Fragile X syndrome (FXS) is a genetic cause of intellectual disability and autism spectrum disorder. The mesocorticolimbic system, which includes the prefrontal cortex (PFC), basolateral amygdala (BLA), and nucleus accumbens core (NAcC), is essential for regulating socioemotional behaviors. We employed optogenetics to compare the functional properties of the BLA->NAcC, PFC->NAcC, and reciprocal PFCBLA pathways in Fmr1–/y::Drd1a-tdTomato male mice. In FXS mice, the PFCBLA reciprocal pathway was unaffected, while significant synaptic modifications occurred in the BLA/PFC->NAcC pathways. We observed distinct changes in D1 striatal projection neurons (SPNs) and separate modifications in D2 SPNs. In FXS mice, the BLA/PFC->NAcC-D2 SPN pathways demonstrated heightened synaptic strength. Focusing on the BLA->NAcC pathway, linked to autistic symptoms, we found increased AMPAR and NMDAR currents and elevated spine density in D2 SPNs. Conversely, the amplified firing probability of BLA->NAcC-D1 SPNs was not accompanied by increased synaptic strength, AMPAR and NMDAR currents, or spine density.
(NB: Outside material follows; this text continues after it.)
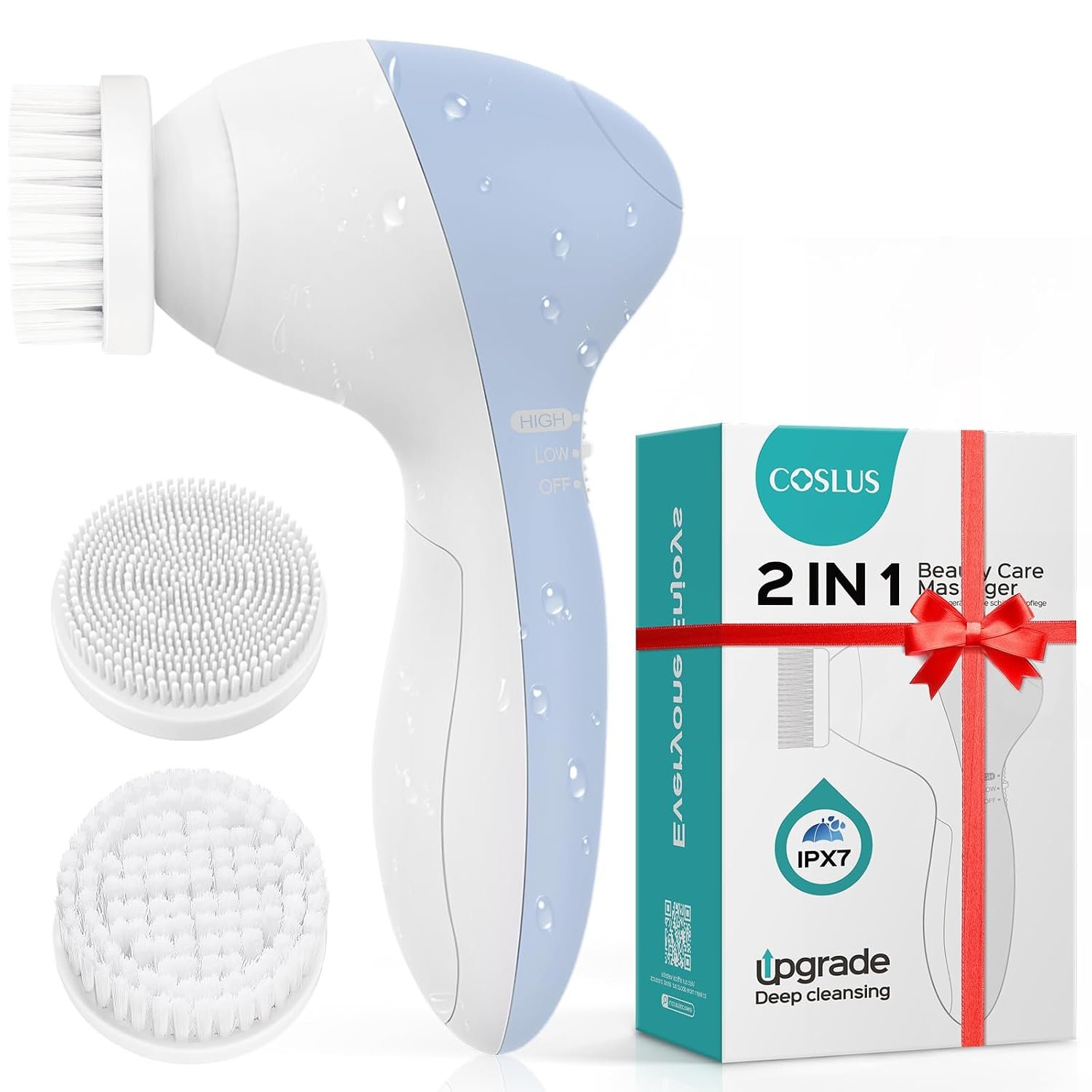 COSLUS Facial Cleansing Brush Face Scrubber, 2-in-1 Rotating Design | Electric Exfoliator Massage Brush for Deep Cleaning, Gentle Skin Care, for Men and Women, Waterproof, Blue, Standard Set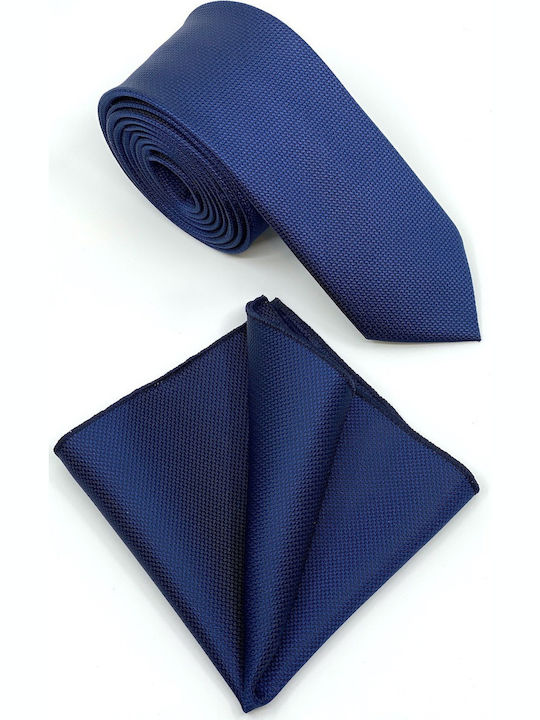 Legend Accessories Σετ Ανδρικής Γραβάτας Συνθετική Μονόχρωμη σε Navy Μπλε Χρώμα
These pathway-specific alterations resulted in an overall enhancement of excitatory-to-spike coupling, a physiologically relevant index of how efficiently excitatory inputs drive neuronal firing, in both BLA->NAcC-D1 and BLA->NAcC-D2 pathways. Finally, the absence of fragile X messenger ribonucleoprotein 1 (FMRP) led to impaired long-term depression specifically in BLA->D1 SPNs. These distinct alterations in synaptic transmission and plasticity within circuits targeting the NAcC highlight the potential role of postsynaptic mechanisms in selected SPNs in the observed circuit-level changes. This research underscores the heightened vulnerability of the NAcC in the context of FMRP deficiency, emphasizing its pivotal role in the pathophysiology of FXS.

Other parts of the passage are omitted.